«Leila’s birthday» de Rashid Masharawi (Palestine) : En plein vent
Après plus d’un demi- siècle de résistance à l’occupation israélienne, la Palestine d’aujourd’hui sombre dans le chaos. C’est dans cette confusion qui pèse lourdement sur la vie du peuple, dans ce désordre, que le Palestinien Rashid Masharawi nous plonge, loin de toute complaisance.
Loin des slogans vains sur la résistance et le militantisme des Palestiniens, au-delà des clichés des journaux télévisés et des discours de la Ligue des Etats Arabes, Rashid Masharawi a brodé son histoire.
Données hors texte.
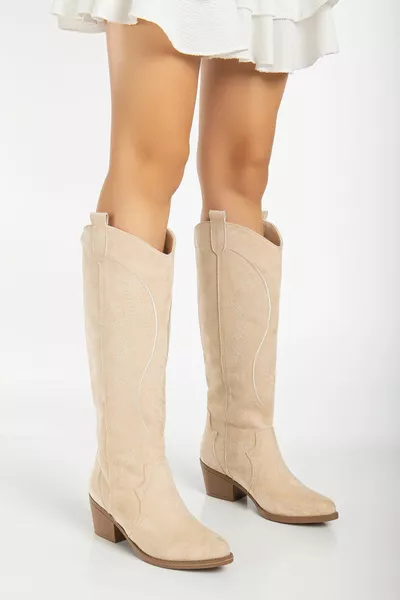 RISSOLI BEIGE CREME WILDLEDERbestickte Western-Cowboy-Cowgirl-Stiefel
Dès les premières minutes, le réalisateur nous jette dans le vif du sujet à travers les contretemps rencontrés par un chauffeur de taxi. Abou Leila est un juge qui a dû travailler comme chauffeur de taxi pour nourrir sa petite famille en attendant sa nomination à un poste. Une nomination qui a tardé, car depuis le départ de Abou Ammar et la formation d’un nouveau gouvernement, on ne fait que s’occuper des petits détails et d’oublier l’essentiel. Rashid Masharawi à travers son héros, campé par Mohamed Bekri, dénonce sur un ton moqueur ce qui passe actuellement en Palestine
Il nous met face à face avec des hauts responsables qui ont négligé la cause. Le réalisateur ne fait pas de l’autocensure, il laisse sa caméra peindre librement ce vécu amer. D’ailleurs, on assiste à une séquence où Abou Leila est allé à la rencontre du Ministre de la justice pour trouver une solution mais le ministre- qui vient d’être nommé- lui demande simplement de patienter parce qu’il est très occupé par le choix des tapis et du décor de son nouveau bureau. Le réalisateur continue sa critique acerbe et double la dose avec ce policier qui met la sirène d’alarme et se donne corps et âme à la poursuite d’Abou Leila pour lui demander simplement s’il veut vendre sa voiture. En accompagnant Abou Leila lors de cette journée très dure mais qui reste pour les Palestiniens une journée très ordinaire, Rashid Masharawi nous montre la réalité d’une Palestine qui se dégrade jour après jour. Insécurité, pénurie, violence, déchirure interne sont tour à tour abordés dans cette chronique sociale dont le héros est Abou Leila, un citoyen cultivé qui connaît ses droits et ses devoirs et qui a voulu en cette journée terminer son travail de chauffeur de taxi à temps pour rentrer chez lui et célébrer l’anniversaire de sa fille Leila.
On est là-dedans, au cur d’une Palestine déchirée par des conflits internes, avec des citoyens qui ne savent pas la réalité. Rashid Masharawi nous montre un couple qui est tantôt avec le Hamas et tantôt avec le Fatah juste pour bénéficier des aides humanitaires. Une confusion totale. Une amertume et une déception qu’on lit dans les regards et les commentaires de Abou Leila et ses concitoyens rencontrés ici et là. Un vrai chaos qui met en danger la cause palestinienne et touche sa crédibilité. Après soixante ans de résistance, de rêves, rien n’avance, tout recule.